Tra le varie tipologie di diete, quella vegetariana è una scelta su cui ricadono in molti, soprattutto con un aumento della consapevolezza sulla lavorazione dei prodotti e sul maltrattamento degli animali.
La dieta vegetariana esclude, infatti, il consumo di carne e pesce, ma permette l’assunzione di altri alimenti di origine animale come uova, latticini e miele, a seconda della varietà di dieta seguita (ad esempio, vegetariana lacto-ovo, che include latticini e uova).
Quali sono dunque i benefici che si possono ottenere da questo stile alimentare?
Prima di tutto, un vantaggio sulla salute del sistema cardiovascolare: numerosi studi hanno infatti dimostrato che una dieta vegetariana ben bilanciata, ricca di frutta, verdura, legumi, noci e semi, può contribuire a ridurre il rischio di malattie cardiovascolari – e anche malattie croniche.
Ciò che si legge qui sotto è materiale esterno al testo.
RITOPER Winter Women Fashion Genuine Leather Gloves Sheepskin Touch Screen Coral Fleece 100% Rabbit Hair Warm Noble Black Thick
Le fibre e i nutrienti presenti in questi alimenti, insieme alla riduzione dei grassi saturi, aiutano a mantenere bassi i livelli di colesterolo nel sangue e favoriscono una pressione sanguigna più sana, nonché una migliore digestione.
In aggiunta a ciò, chi segue una dieta vegetariana tende a mantenere un peso corporeo stabile, in parte per il maggiore consumo di alimenti a basso contenuto calorico e ricchi di fibre, che aumentano il senso di sazietà e riducono il rischio di sovrappeso. Tuttavia, è importante ricordare che una dieta vegetariana non è automaticamente ipocalorica.
Successivamente, basarsi su una dieta vegetariana apporta dei benefici anche all’ambiente, contribuendo alla sostenibilità del pianeta; l’allevamento di animali per la produzione di carne, infatti, ha un impatto significativo sull’ambiente in termini di emissioni di gas serra, consumo di acqua e deforestazione.
Nonostante gli aspetti positivi, bisogna ricordare che una dieta vegetariana presenta anche alcune sfide, come il problema delle carenze nutrizionali, che devono essere ritrovate in alternative vegetali o opportunamente integrate, come la vitamina B12, il ferro, il calcio, lo zinco e gli acidi grassi omega-3.
Quando si parla di alimentazione e capire come strutturare i propri pasti nel modo corretto, è sempre bene affidarsi ai consigli di un nutrizionista.
Con la giusta attenzione e varietà nei pasti, la dieta vegetariana può essere un’opzione nutriente e appagante, che promuove il benessere fisico e mentale.